PNC is the company’s largest shareholder, a relationship that began about 25 years ago. The bank bought the business from Blackstone Group Inc. Steve Schwarzman, Blackstone’s leader, has said selling that division was “a heroic mistake.”

The decision to exit the investment now surprised some analysts. That was after PNC long credited its BlackRock holding with diversifying earnings. 

Banks across the industry are facing the prospect of loan defaults. Executives at PNC are positioning for another bet.

They are betting that the firm can better withstand the turmoil and potentially make a major acquisition.

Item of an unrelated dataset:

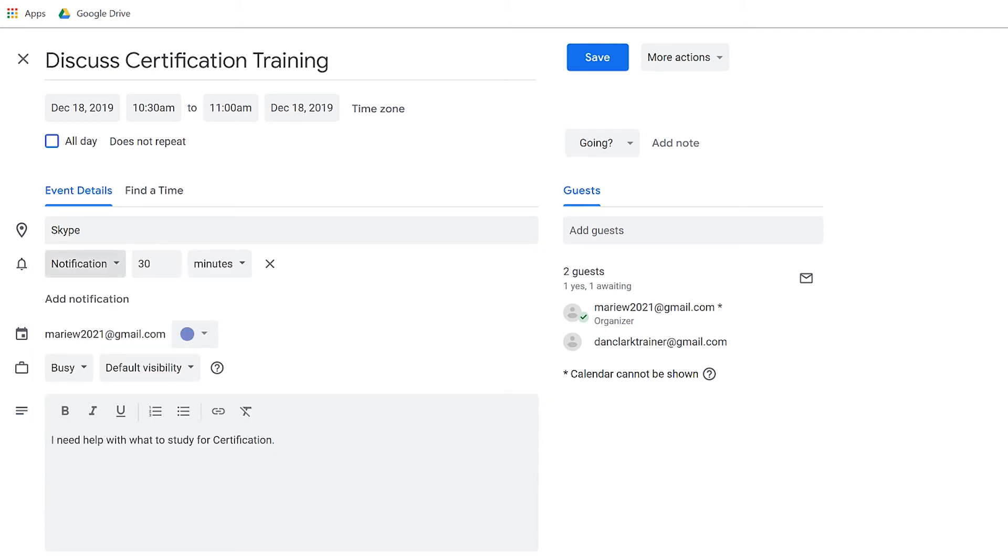Notifications list box read only. 30 minutes before. Read only. Notification method list box collapsed. Pop-up. Minutes in advance for notification edit spin box 30. I'm going to change this to 10 minutes instead. 10 minutes before. Read only. Unit of time selection list box collapsed. Minutes. One of four.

The Sale of BlackRock Shares

The sale of the company’s stocks likely signals that PNC is looking to make a deal during the market disruption. It is consistent with its past behavior.  This was a statement from Kyle Sanders, an analyst at Edward Jones.

He pointed to the firm’s takeover of National City Corp. during the 2008 crisis. He said it’s probably hoping for another opportunity, likely another regional bank.

PNC currently holds 22% of the company’s outstanding shares. The bank will exit the stake through a public secondary offering. This is with the buying back of $1.1 billion of the shares directly from the firm. 

Moreover, Morgan Stanley, Citigroup Inc., and Evercore ISI are joint bookrunners.

PNC Chief Executive Officer William Demchak has said now is the right time to “unlock the value of their investment. He is also on BlackRock’s board. 

The move enhances PNC’s balance sheet and will leave the company very well-positioned to take advantage of potential investment opportunities. History has shown opportunities can arise in disrupted markets.

The decision was prompted in part by the widening gap between PNC’s market value and BlackRock’s. 

BlackRock shares were down less than 2% this year by Monday’s close of stock trading. That is compared with a 36% drop for PNC. The broader S&P Regional Banks Select Industry Index has lost 40% of its value in 2020.

BlackRock fell an additional 2.3% in extended New York stock trading after the announcement.

Even with this year’s selloff, PNC’s stock has more than doubled since the end of 2008. This was when it bought National City for about $5 billion. During that time, it has far outperformed the broader KBW Bank Index tracking 24 of the nation’s largest lenders.

Herman Chan, an analyst said the bolstered capital levels reinforces PNC as a safe-haven bank. It stands ready to capitalize on their view.